養鶏を始めたのは1971年。当時は卵の生産量を上げるため、薬品を使った改良が盛んだったという。「薬品を使う養鶏に抵抗があった。薬品を使わない食べ物が求められる時代がくると思った」と長沼さん。
雑誌で電子技法を知り、九州地方の農家を視察し、78年に技術を導入。現在は鶏舎5棟で「シェーバー」と「シェーバーブラウン」の2種、約5千羽を育てる。

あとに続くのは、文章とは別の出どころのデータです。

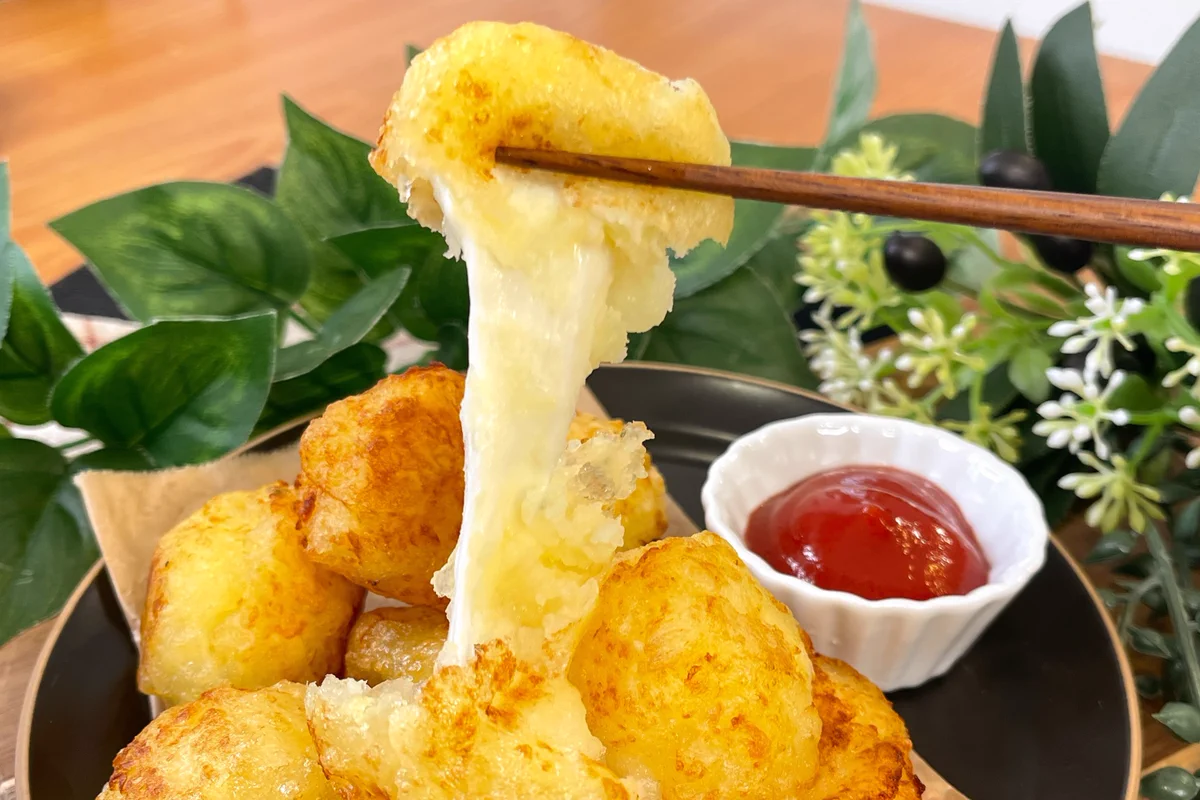 おやつにもご飯にもなる♪チーズとろける『悪魔のじゃがボール』レシピ！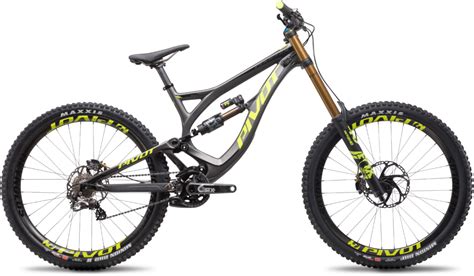 Pivot Launches New Color Ways for Phoenix Carbon DH - Mountain Bike Action Magazine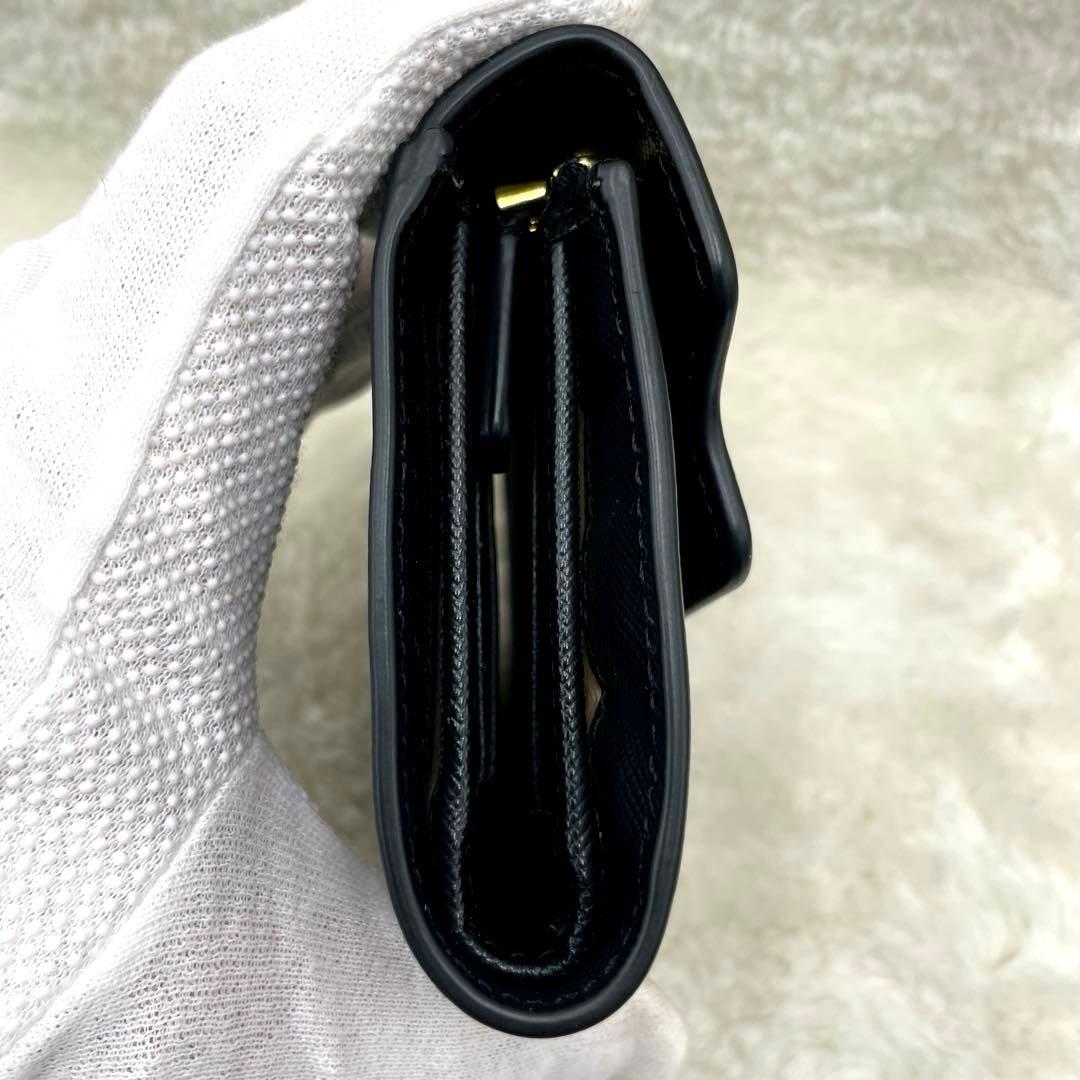 美品 マルニ MARNI 3つ折り 財布 フラップスクエアウォレット ブラック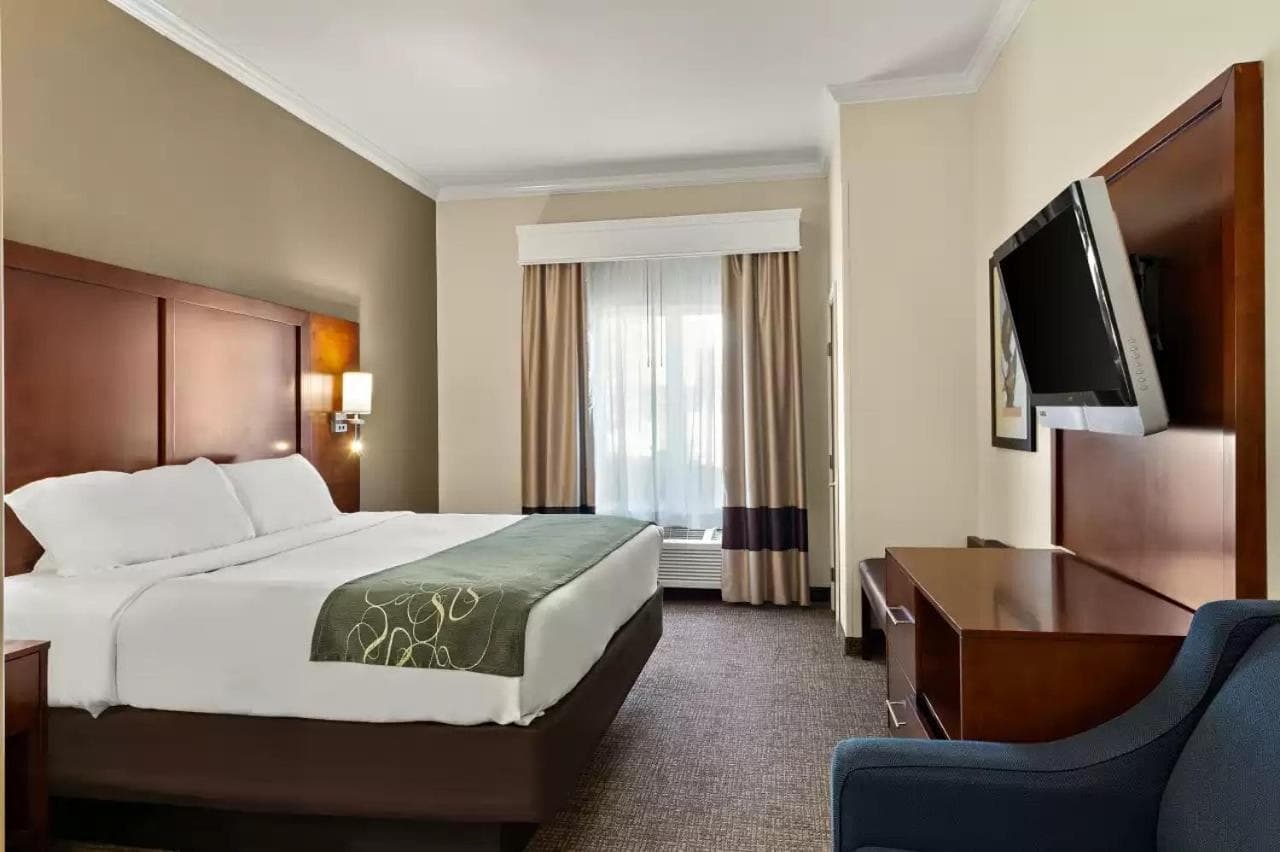 Comfort Suites Corpus Christi Central gallery photo in Corpus Christi, TX — image 25
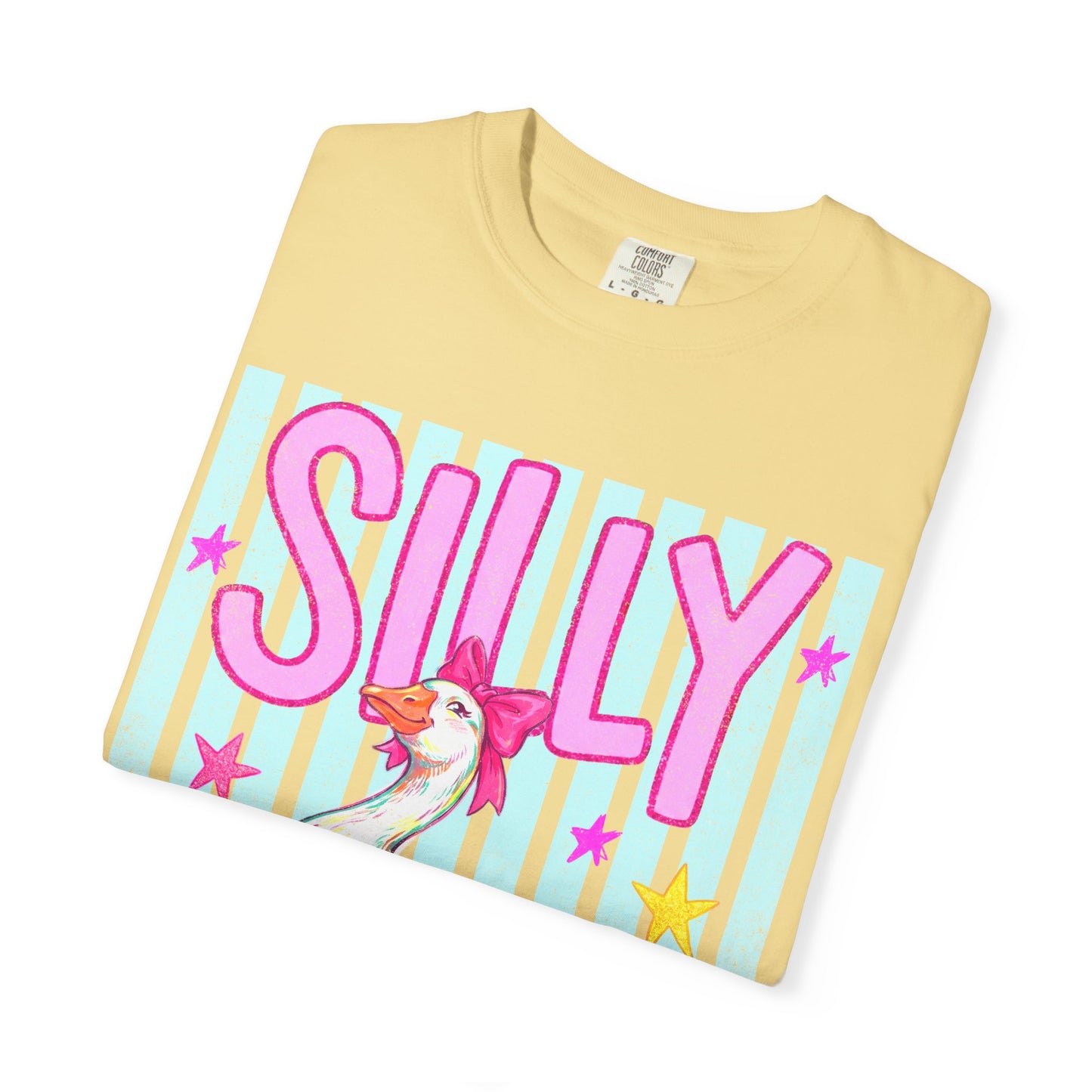 Silly Goose T-Shirt – Cute Retro Duck in Rain Boots Graphic Tee
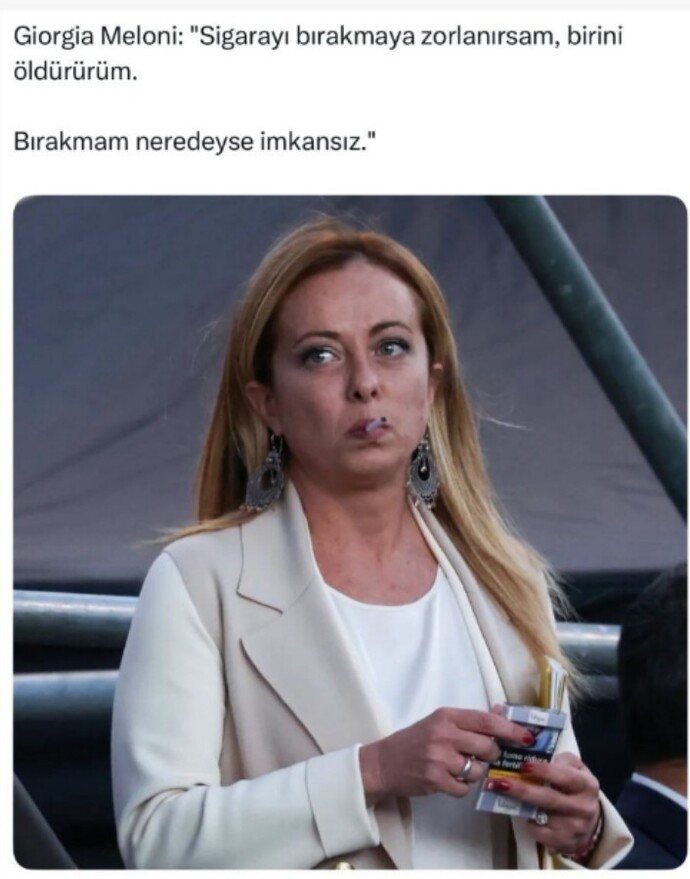 Benim sigaraya olan aşk meloni gibi😂?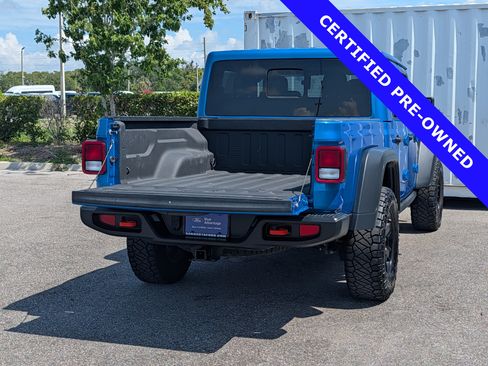 Used 2023 Jeep Gladiator Mojave w/ Cold Weather Group AWD/4WD image 13
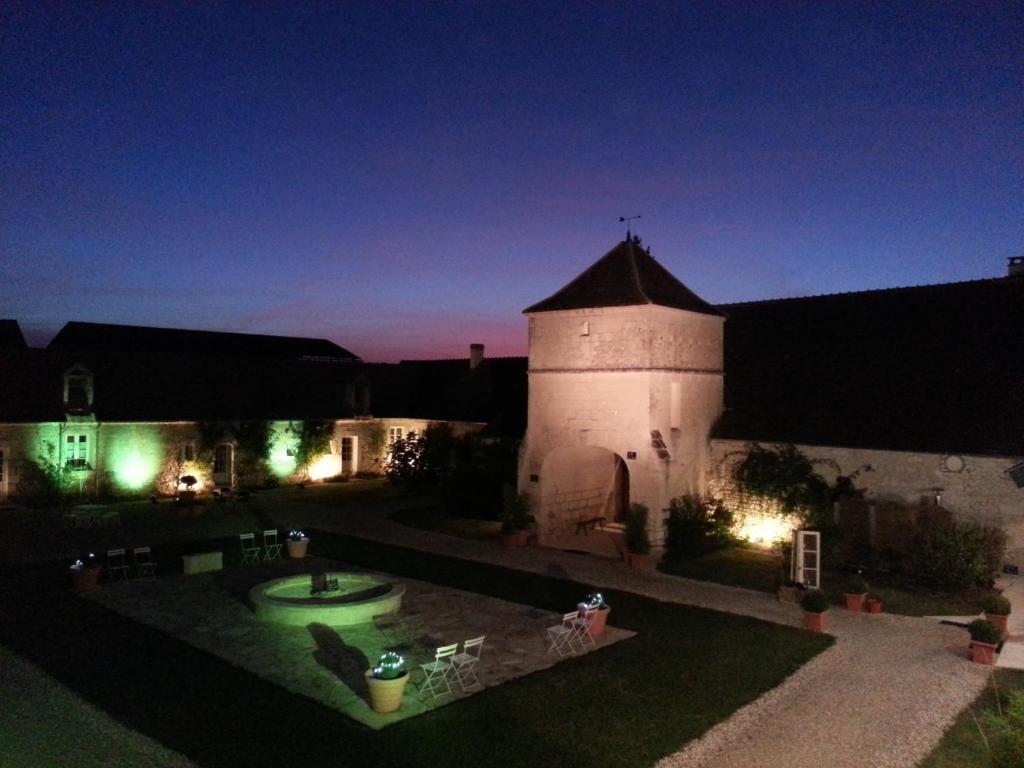 Manoir De La Rousselliere Aparthotel Loches Exteriör bild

飼料と水道水は特注のタンクにそれぞれためて、備長炭などの炭素を混ぜ機械で電子を付加し、薬品の成分を除去するという。「電子技法を使って生産した卵は臭みが少なく、日持ちする。コレステロールが非常に少ないのも特徴」
ひなから育て経費節減
養鶏農家の多くは、卵を産むことができる生後150日ほどの成鶏を仕入れるが、長沼さんはひなから育成する。「育てる過程をすべて自分で管理できる。仕入れにかかる経費の削減にもつながると思った」
販売規格に達する卵を産めるようになるには約7カ月かかる。規格外の卵は袋詰めにして自動販売機で提供。収益の向上と食品ロスの削減につなげている。
規格品は、規格ごとにパックに詰めて町内外の産直で販売するほか、北海道や三重県などの消費者から注文を受けている。「『おいしい』という声が励みになる」と長沼さん。「これからも電子技法を使って、消費者が安心して食べられる卵を届けたい」と話す。